OGDEN, Utah (ABC4) — Ogden City officials are asking people to avoid rivers in the area for the time being as the record snow is leading to record-high water levels. With many schools in the area letting out for spring break, the city hopes to avoid unnecessary accidents.   

“The water is extremely powerful and it’s deceiving how fast the water can move and the forces of the water,” Shawn Waller told ABC4. Waller is part of the Ogden Fire Department’s swift water rescue team. The team is called out when a person has been swept away in a river.  

“We send one person to the point last seen, start getting a description of the person that went in and where they were at,” Waller explained. “And then, we have people staging in predetermined locations waiting for those victims to come downstream.”  

The Ogden River Parkway offers 17 miles of trails along the river, making it a popular place for lots of people to visit.  

“We are driving across the country,” Sam Rusak told ABC4 Reporter Kade Garner. “We both work as river guides. He’s going to Washington; I’m going to California. We have a bunch of friends up here in Salt Lake. They said the whitewater is really good right now, so we came and stopped for a little while.”  

Rusak and his friend Liam Anderson have spent the last few days kayaking down Ogden River.  

“There’s only like a two-foot gap under some bridges and we’re kind of working our way under,” Rusak stated. Anderson then added: “And that’s the other is the other scary bit, right? You don’t know how much higher the water’s gotten since yesterday and the day before. So, every time you come around a corner, you’re looking for new pieces of wood, how close you are to that low-hanging bridge.”  

The river is the highest it’s been in years.
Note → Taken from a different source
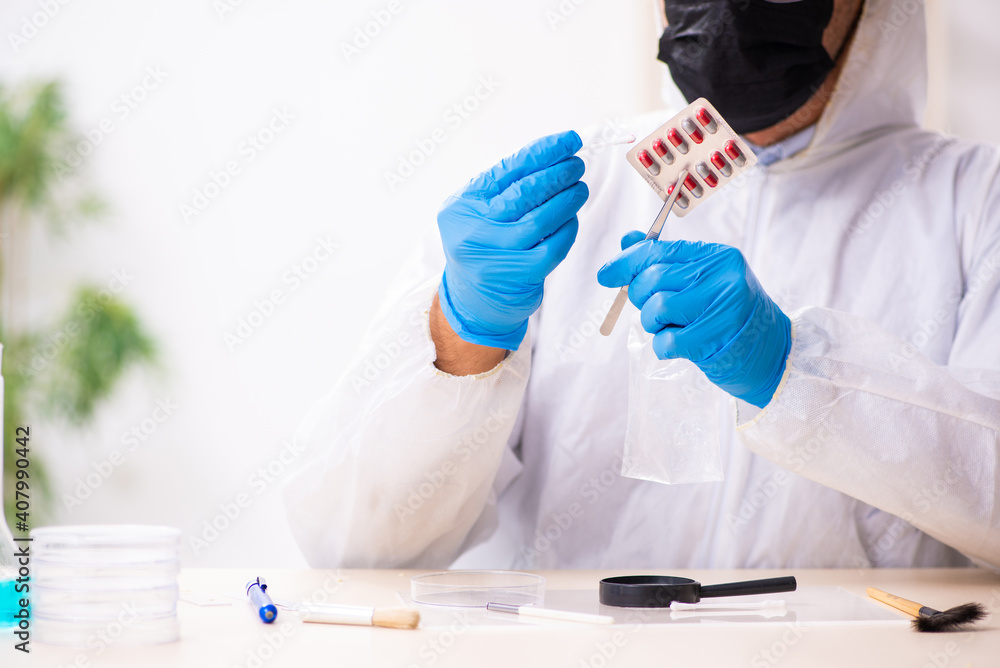 Male expert criminologist working in the lab for evidence Male expert criminologist working in the lab for evidence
The kayakers said that is something they could tell as they were on the water passing over tree branches submerged below. The two don’t recommend the average person try to float the river.   

Ogden City is asking people to stay out of the water altogether. Both Ogden and Weber Rivers are considered dangerous at this time.  
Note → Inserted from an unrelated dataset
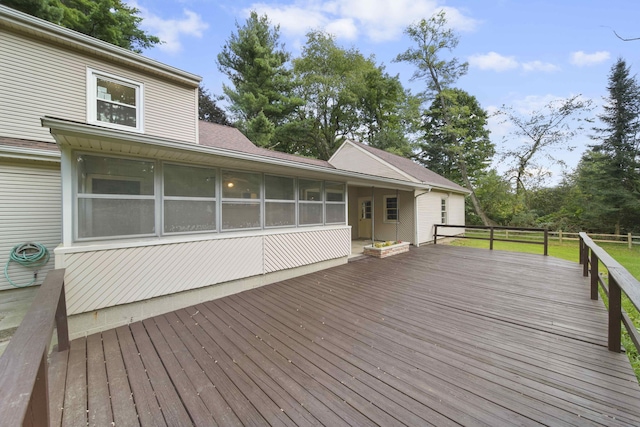 wooden deck with a sunroom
“Our rivers run anywhere from 500 to 800 cubic feet (about the volume of a large U-Haul truck) of water per second,” Ogden City Fire Emergency Management Battalion Chief Kenny Miller explained. “Currently, right now, we’re running about 1,000 cubic feet per second which is pretty fast.” He explained that next week. The water flow will increase by about an additional 66 percent, or between 1,500 and 1,700 cubic feet (about twice the volume of a large U-Haul truck) per second. 
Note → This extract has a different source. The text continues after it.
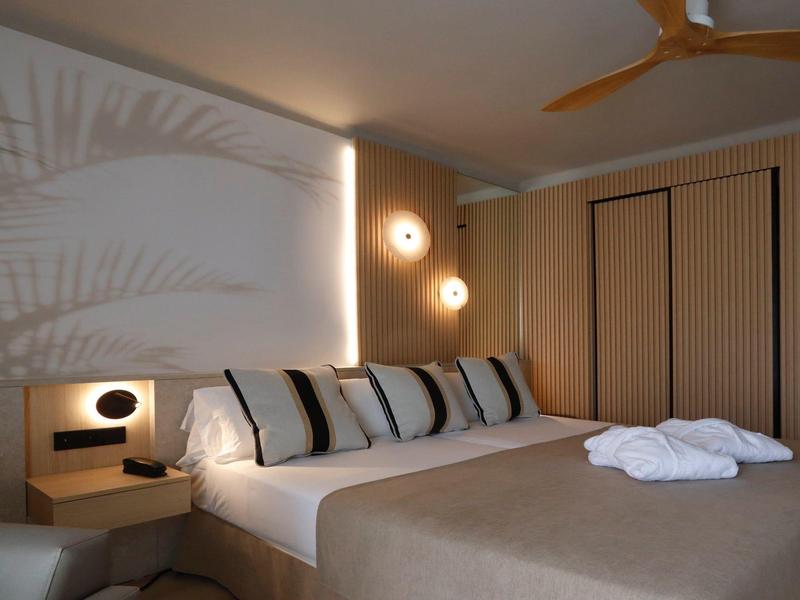 Habitación de hotel moderna con cama doble, paredes claras, ventilador de techo y iluminación elegante.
This will happen because water will be released from reservoirs into the rivers. Pineview Reservoir will release water into Ogden River. They must do this to make room for the abundance of water in the Ogden Watershed.   

According to the city, there are more than 275,000 acre-feet of water accumulated in the watershed currently. Pineview Reservoir reaches capacity at 110,150 acre-feet, so this increased flow is necessary to manage the rate at which the reservoir will fill as the snow melts this spring.  

The release will also help prevent future flooding.    

Right now, Ogden River is flowing at a speed of about 10 miles per hour and is about 7 to 8 feet deep. “To give you an idea of how dangerous that is, at seven to eight miles an hour, if you’re in 10 inches of water it will knock a normal person off their feet,” Miller stated. “At waist deep, three to four miles an hour will knock a normal person off their feet and wash them down the river.”  

“The water is cold, it’s moving fast, they can get hung up in a strainer or any other obstacles in the water, and it’s a high probability of drowning,” Waller commented.  

The kayakers said there are only about two feet of clearance between the top of the water and the bottom of many of the bridges. City officials said that next with the release of additional water, there will be no clearance under those bridges making the river even more dangerous if someone finds themself in the water.  

If you do decide to spend some time out near the river over the next few days, officials encourage you to stay at least 15 feet from the water’s edge.